Me callo para dejarlo tragar ese bol de hiel, y lo traga, en silencio, al mismo tiempo que mi velado ultimátum.
– Bueno, te dejo. Cuento contigo para que le expliques la situación a Fulbert.
– Voy a ver lo que puedo hacer -dice Armand, tratando de volver a juntar alrededor de él, lo mejor posible, los jirones de su amor propio.
XII
La partida de Armand fue como una señal. De nuevo aparecieron las cabezas en la ventana. Un instante más tarde, todos los larroqueses invadieron la calle principal. En parte porque el pedazo de hogaza y de manteca que acababan de engullir les había devuelto un cierto vigor, y en parte también porque la derrota de Armand, observada desde detrás de los vidrios, había fortificado la moral, su actitud había cambiado. El miedo no había desaparecido del todo, lo comprobaba en las miradas furtivas lanzadas a Fabrelâtre y también por el hecho de que nadie comentaba la pelea ni se animaba a ir a dar una mano a Colin, ni siquiera acercarse a la carreta. Pero todos hablaban más alto, tenían el gesto más animado. Y se sentía en las miradas una excitación contenida. Subí los dos escalones del puesto de Lanouaille, golpeé las manos y dije bien fuerte:
– Tengo la intención, antes de llevarme las dos yeguas, de hacerles hacer algunos ejercicios de equitación en la explanada del castillo, para ablandarlas. En realidad, como hace mucho tiempo que no han sido montadas, me parece que va a haber jaleo. Si les interesa ¿quieren que le pida a Fulbert que les permita estar presentes?

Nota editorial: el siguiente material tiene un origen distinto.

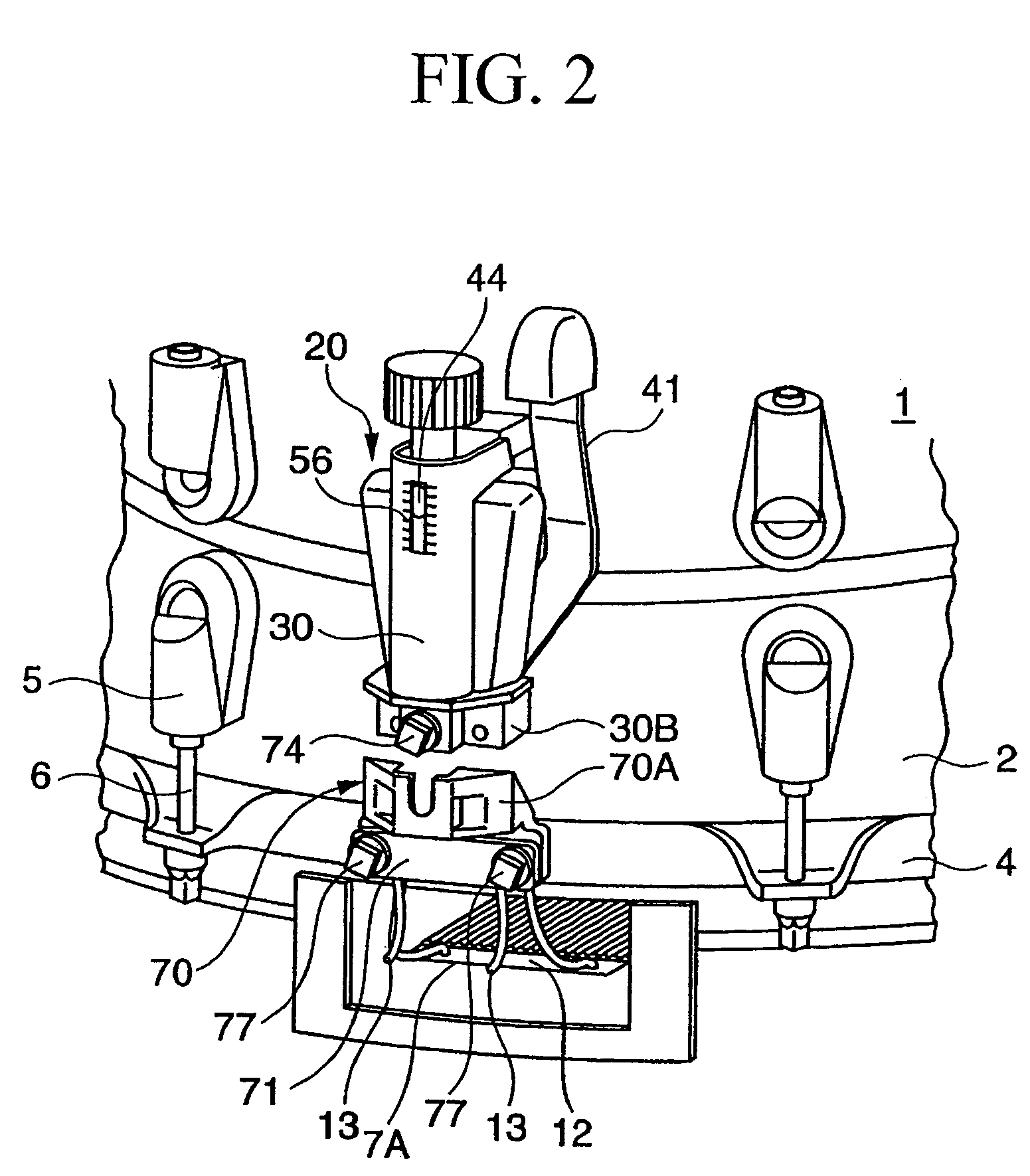 Snare strainer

Todas las manos se levantan a la vez y hay una explosión de alegría que me sorprende. Aunque tenga el tiempo limitado me entretengo en observar este alborozo, a tal punto, en el fondo, lo encuentro lastimoso. La vida de los larroqueses es pues tan vacía y tan triste que la perspectiva de ver a alguien sobre un caballo los pone en tal estado… Siento en mi mano izquierda una manita tibia. Es Evelina. Me agacho.
– Ve a buscar a Cati a la carreta y dile que la espero en lo de su tío.
Espero que Fabrelâtre me dé la espalda y me voy a la casa del zapatero. Marcel llega unos minutos después. Él también está más alegre.